WHEREAS, The RHL Group, Inc., a California corporation ("RHL Group") has agreed to lend certain funds to MyMedicalRecords, Inc., a Delaware corporation (formerly mymedicalrecords.com, Inc.) ("MMR");

WHEREAS, MMR is the wholly owned subsidiary of MMR Information Systems, Inc., a Delaware corporation (formerly Favrille, Inc.) ("Parent" or "Guarantor"); and

WHEREAS, Parent desires to induce the RHL Group to so enter into the Agreement to lend certain funds to MMR;

The Parties agree as follows:

(1) For valuable consideration, the Guarantor unconditionally guarantees and promises to pay to RHL Group, or at its order, in lawful money of the United States, an amount equal to any and all sums that are, or will be, due and owing under those certain First, Second, Third and Fourth Amended and Restated Secured Promissory Notes (the "Fourth Note") dated on or about April 29, 2010.

(2) The liability of Guarantor under this Guaranty shall not exceed at any one time, the sum of: (a) the amount due under the Fourth Note; and (b) all interest, fees, and other costs and expenses relating to or arising out of the Fourth Note. This is a continuing guaranty relating to any indebtedness, including that arising under successive transactions which shall either continue the indebtedness or from time to time renew it after it has been satisfied. Any payment by Guarantor shall not reduce its maximum obligation hereunder.

(3) Guarantor authorizes RHL Group, without notice or demand and without affecting its liability hereunder, from time to time, either before or after revocation hereof, to: (a) renew, compromise, extend, accelerate, or otherwise change the time for payment of, or otherwise change the terms of the indebtedness or any part thereof, including increase or decrease of the rate of interest thereon; (b) receive and hold security for the payment of this Guaranty or any of the indebtedness, and exchange, enforce, waive, release, fail to perfect, sell, or otherwise dispose of any such security; (c) apply such security and direct the order or manner of sale thereof as RHL Group in its discretion may determine; and (d) release or substitute any one or more of the endorsers or Guarantor.

(4) Guarantor waives any right to require RHL Group to: (a) first proceed against or exhaust any security held from MMR; or (b) pursue any other remedy in RHL Group's power whatsoever.

(5) Guarantor waives any defense arising by reason of any disability or any claim that Guarantor's obligations exceed or are more burdensome than those of MMR. Until the indebtedness shall have been paid in full, even though the indebtedness is in excess of Guarantor's liability hereunder, Guarantor waives any right of subrogation, reimbursement, indemnification, and contribution (contractual, statutory, or otherwise) including, without limitation, any claim or right of subrogation under the Bankruptcy Code (Title 11, United States Code) or any successor statute.

(6) Guarantor waives all presentments, demands for performance, notices of non-performance, protests, notices of protest, notices of dishonor, and notices of acceptance of this Guaranty and of the existence, creation, or incurring of new or additional indebtedness.
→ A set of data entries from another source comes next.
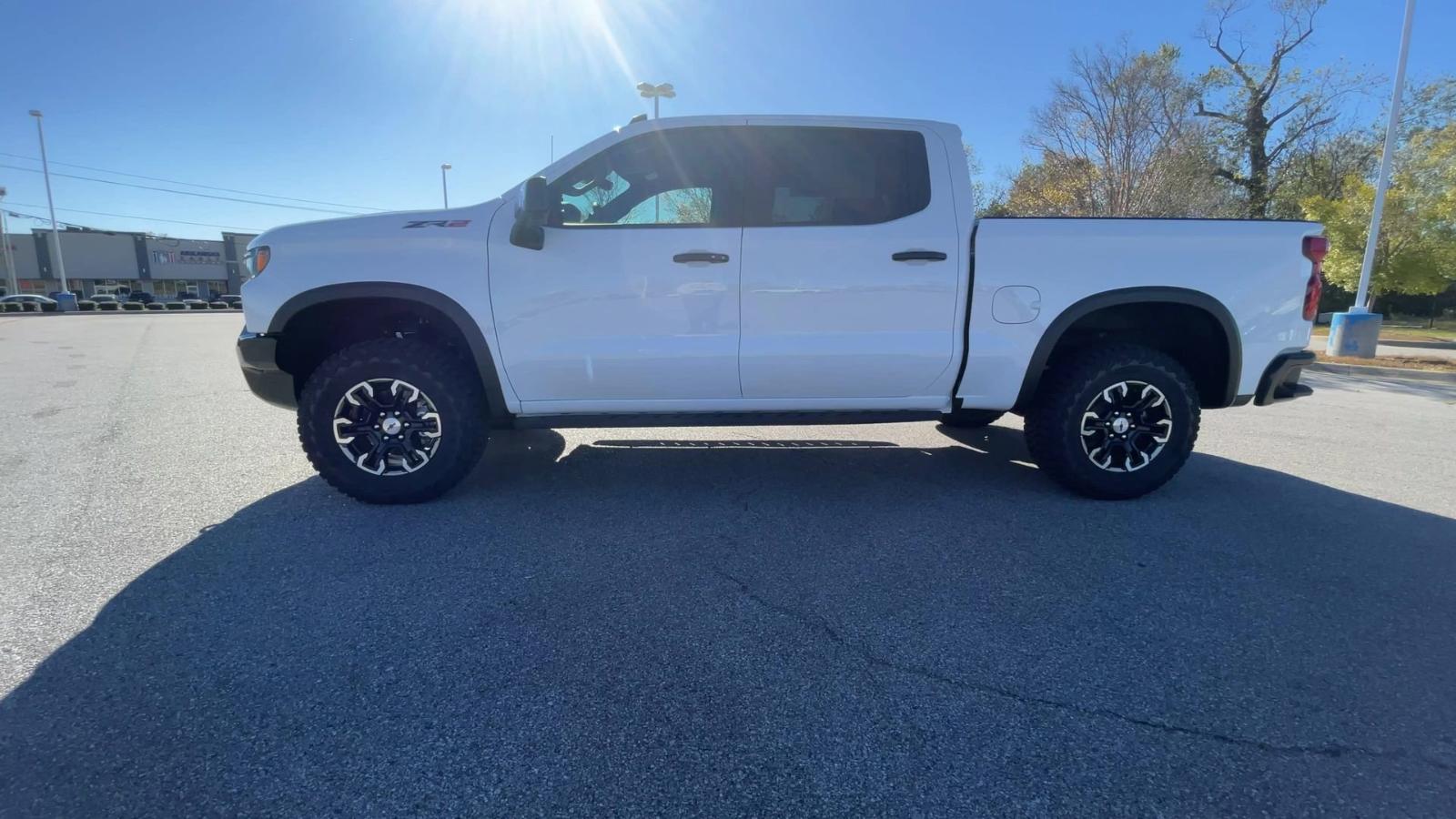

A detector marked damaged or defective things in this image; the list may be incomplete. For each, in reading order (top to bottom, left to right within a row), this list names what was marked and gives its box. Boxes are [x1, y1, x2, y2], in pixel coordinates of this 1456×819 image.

parking lot crack [710, 565, 1456, 774]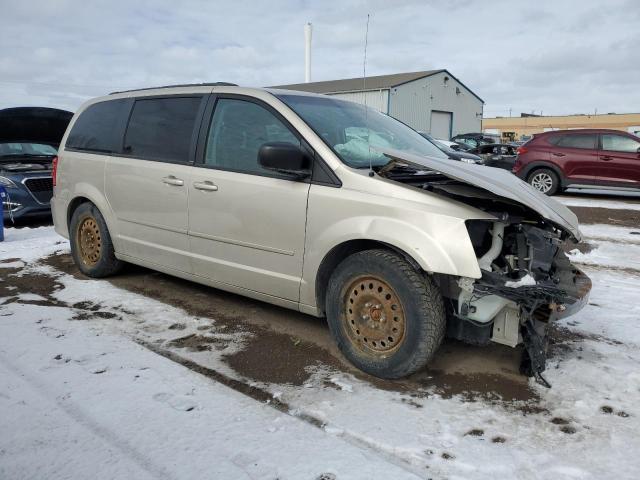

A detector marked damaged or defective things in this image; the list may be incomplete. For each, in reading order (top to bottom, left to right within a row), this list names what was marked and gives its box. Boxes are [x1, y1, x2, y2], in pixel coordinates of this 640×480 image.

crumpled hood [0, 108, 73, 144]
damaged minivan [51, 85, 592, 382]
crumpled hood [378, 148, 584, 242]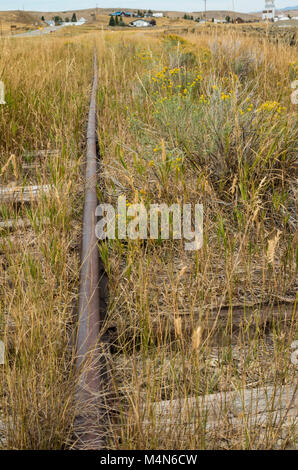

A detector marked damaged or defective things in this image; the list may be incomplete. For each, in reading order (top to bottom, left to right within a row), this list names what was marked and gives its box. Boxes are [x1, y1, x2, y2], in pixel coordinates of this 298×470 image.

(7) Guarantor waives any rights and defenses that are or may become available to Guarantor by reason of Sections 2787 to 2855, inclusive, of the California Civil Code.


(8) No provision or waiver in this Guaranty shall be construed as limiting the generality of any other waiver contained in this Guaranty.

(9) Guarantor agrees to pay all reasonable attorneys' fees, including the costs of RHL Group's counsel, and all other costs and expenses which may be incurred by RHL Group: (a) in the enforcement of this Guaranty or (b) in the preservation, protection, or enforcement of any rights of RHL Group in any case commenced by or against Guarantor under the Bankruptcy Code (Title 11, United States Code) or any similar or successor statute.

(10) This Guaranty shall be governed by and construed according to the laws of the State of California, to the jurisdiction of which the parties hereto submit.

(11) Notices to RHL Group shall be sent to: Robert H. Lorsch, P.O. Box 17034, Beverly Hills 90210; and by facsimile to 206-374-6136, with a copy to : Robert M. Yaspan, by facsimile to (818) 501-7711.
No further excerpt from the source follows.